Last Friday week, I was on stage at the Bob Crow Education Centre in Doncaster doing a gig for the RMT as part of their summer festival when the news came through that Charles Horton had resigned. Celebrations ensued.
Horton, as long-suffering passengers and railway staff will know, was the boss of Govia Southern, the simultaneously vindictively and totally ineptly run government-backed franchise which Grayling and his minions earmarked to push through the driver-only train legislation so bitterly opposed by the RMT.
His stewardship was characterised by a loathsome combination of slavish kow-towing to government diktat and fetishised free market ideological dogmatism and utter contempt for the people who travel and work on the railway.
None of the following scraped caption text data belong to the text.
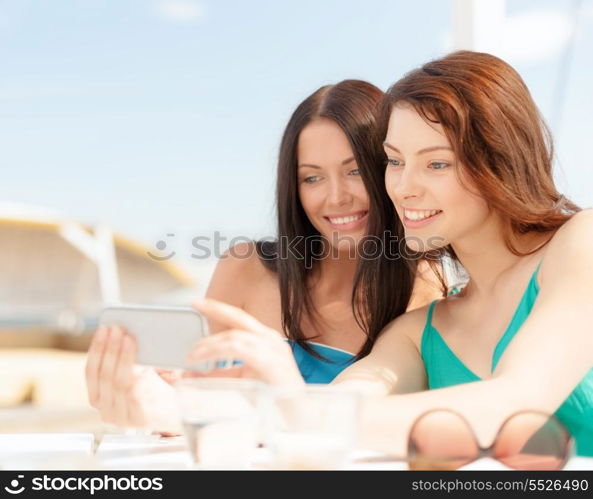 summer holidays, vacation and technology concept - girls looking at smartphone in cafe on the beach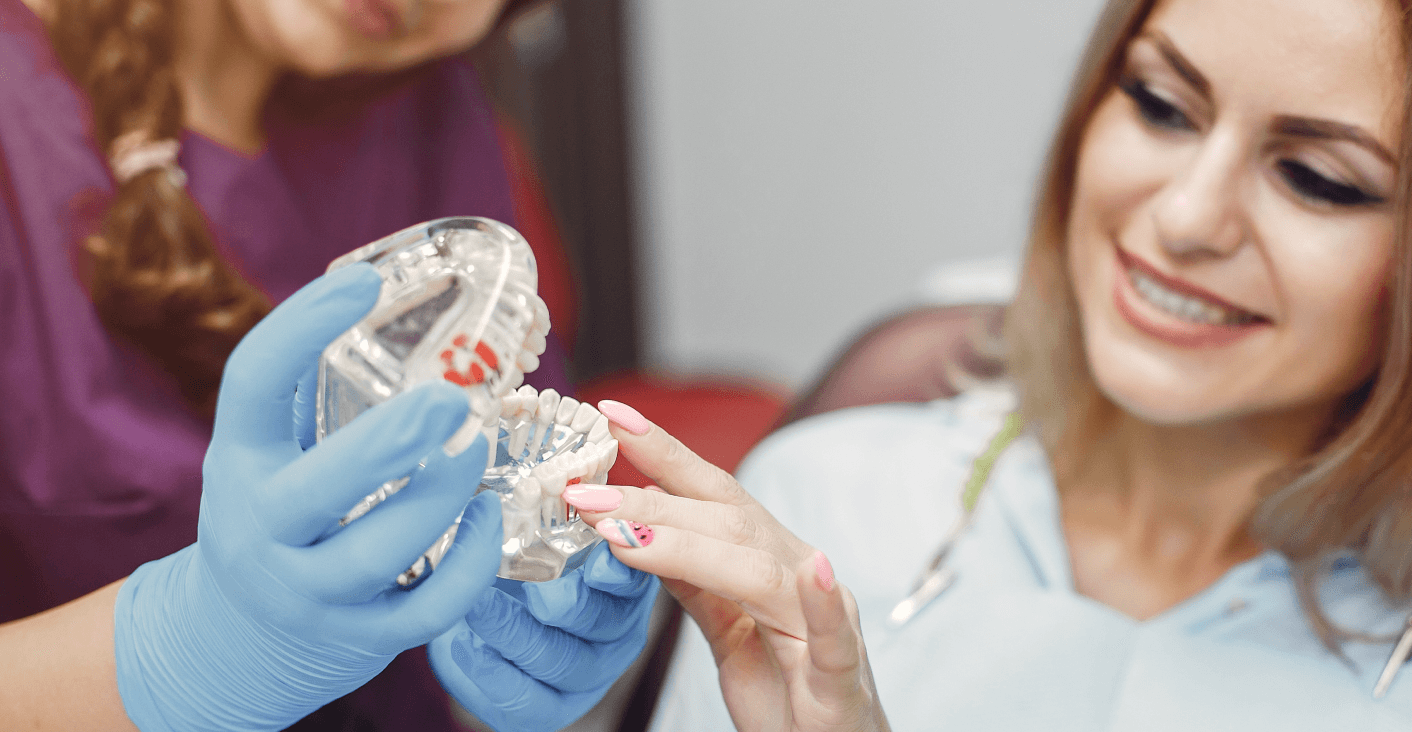 A dentist showing a patient a model of teeth with braces during a consultation about teeth alignment options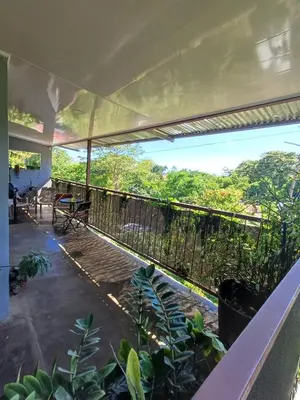 a balcony of a house with a view of trees at Casa la Rosa third floor 5 in Quepos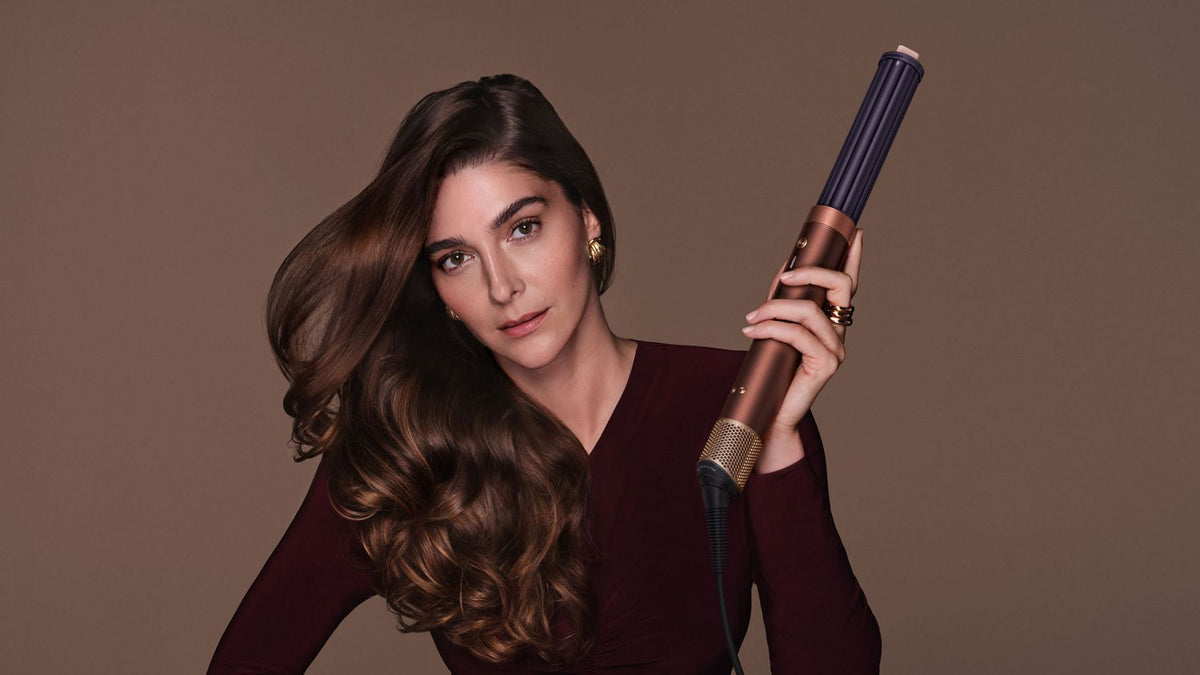 Model shows off hair styled with the Dyson Airwrap Co-anda2x multi-styler and dryer.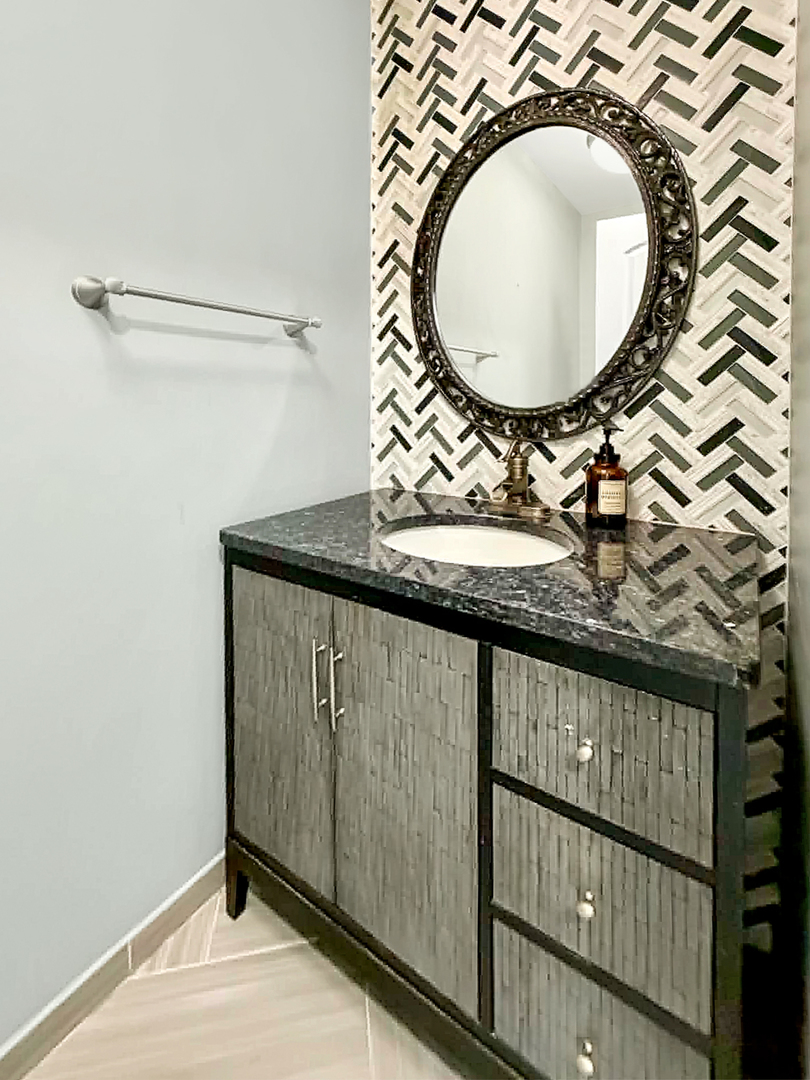 1008 Ascot Drive Rantoul, IL 61866 - Photo 12 of 24 a bathroom with a sink and a mirror
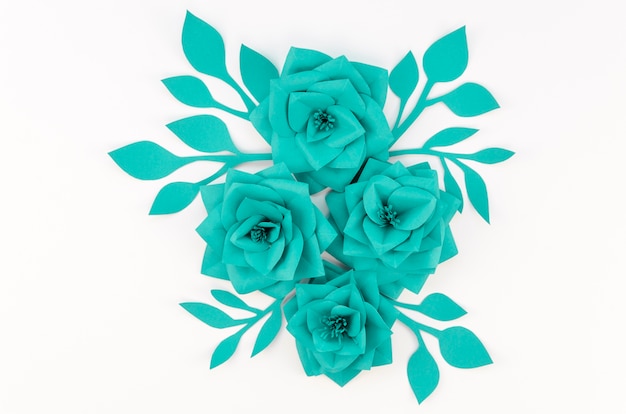 Top view green paper flowers on white background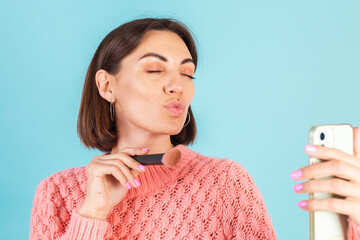 Young brunette in pink sweater isolated on blue background with makeup on face hold blush brush...
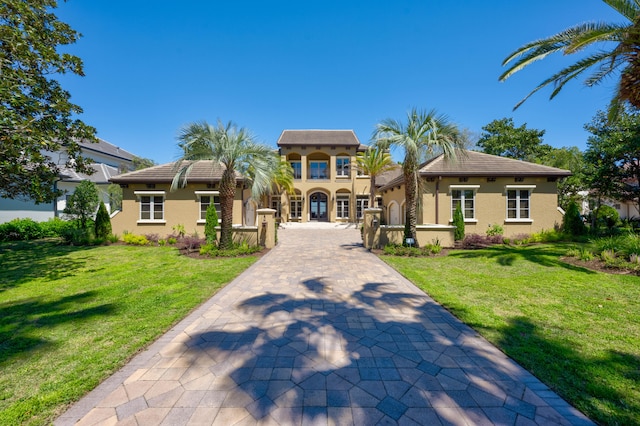 mediterranean / spanish-style house with a front yard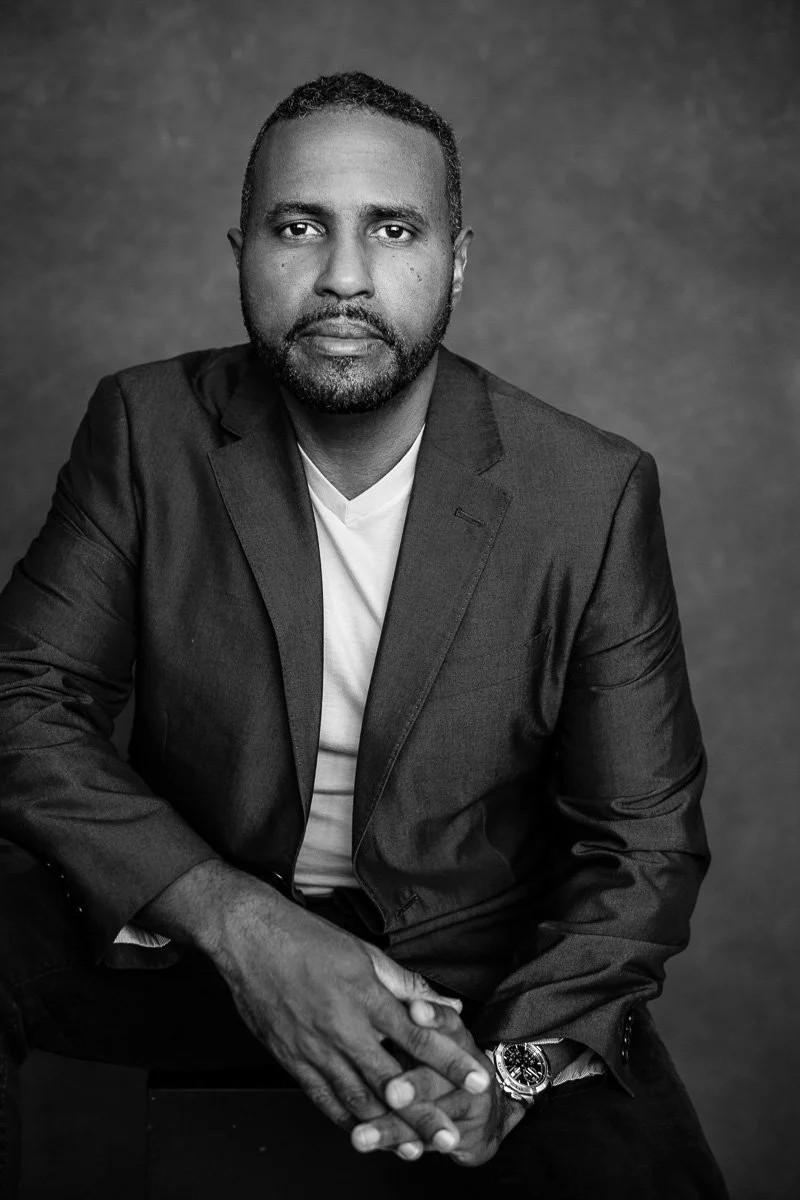 man photographed in a black and white photo during a headshot session by Aniya Emtage in Barbados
Disabled people unable to get on trains, workers forced to give up their jobs due to the appalling service, commuters reduced to tears and the chaos of the new timetable the last straw. I live in West Sussex, I know.
It’s not just Horton but the entire management structure which needs to go and the rail system renationalised as soon as possible by an incoming Corbyn government.
From Doncaster’s afternoon gig I headed to the north east. I have had strong links with the area ever since the miners’ strike, having done loads of benefits there back in the day.
Much-missed Durham Miners’ Association general secretary Davey Hopper not only invited me to perform at the Miners’ Gala but booked me as part of the entertainment for the gig held at Easington Colliery Club on the day of Thatcher’s funeral, one I'll never forget.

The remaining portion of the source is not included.